My teaching about the fall of communism this week was supplemented by a live video conference with students living in the former Soviet Union.

Conference with Tajikistan on the Fall of the Soviet Union. We also compared American and Tajik education.

Conference with Tajikistan on the Fall of the Soviet Union. We also compared American and Tajik education.

Tajik students from Qurgonteppa collected oral histories from their parents who lived through this event, then talked to mine about what it was like from the inside. I have been incorporating skype into my classroom since 2008 and have found that students not only get excited about the novelty of the experience, but get perspectives on world events much different than their own. Some of my best “teachable” moments have come from the surprise my students have had during these international exchanges.

These students in Korea told us the US was hypocritical for bailing out corporations in 2008 because the US and IMF would not allow Korea to do the same thing after the Asian currency crisis of 1998.

Korean students in Seoul told us the US was hypocritical for bailing out corporations in 2008 because the US and IMF would not allow South Korea to do the same thing after the Asian currency crisis of 1998.

For example, today my students asked the Tajiks who they thought the best political leader of the Soviet Union was . From the American point of view, it was astonishing to hear the Tajiks  debate among themselves whether this honor should fall on Lenin or Stalin. It was even more surprising when they unanimously agreed that Gorbachev, the architect of glasnost, was the worst. But after the video exchange ended, this gave me the perfect opportunity to explain to my class the historical reasons for this different perspective.

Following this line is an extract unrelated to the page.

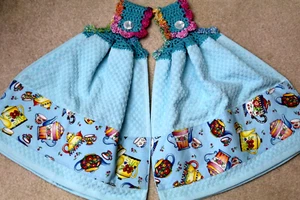 2 Double Crochet Hanging Premium Heavy Thick Towels ~ MARY ENGLEBREIT - Picture 1 of 5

No textbook reading could have ever hooked them into content as these video conferences have.

Although the outcome of these video conferences is not always as serendipitous as it was today, they have injected my classroom with excitement and real world relevance more than anything I have ever done.

These students in China explained why the issue of Taiwan is so important to them.

Chinese students explained why the issue of Taiwan is so important to them.

From Chinese students we learned their perspectives on Taiwan and the Dali Lama; from Koreans, how US policies affect people’s lives there; and from Russians, their side of the story regarding the conflict with Georgia in 2008. (My classes have also had sustained connections with students in Germany, Turkey and Greece.) In some cases, these encounters have embarrassed my students about their ignorance of the world compared to their international peers, and motivated them to learn more. Most importantly, they give my students the curiosity to ask why opinions and beliefs can be so different outside of the United States. And as Reinhold Niebuhr wrote, “To caste answers like stones at minds that have never asked the questions is the greatest pedagogical mistake.”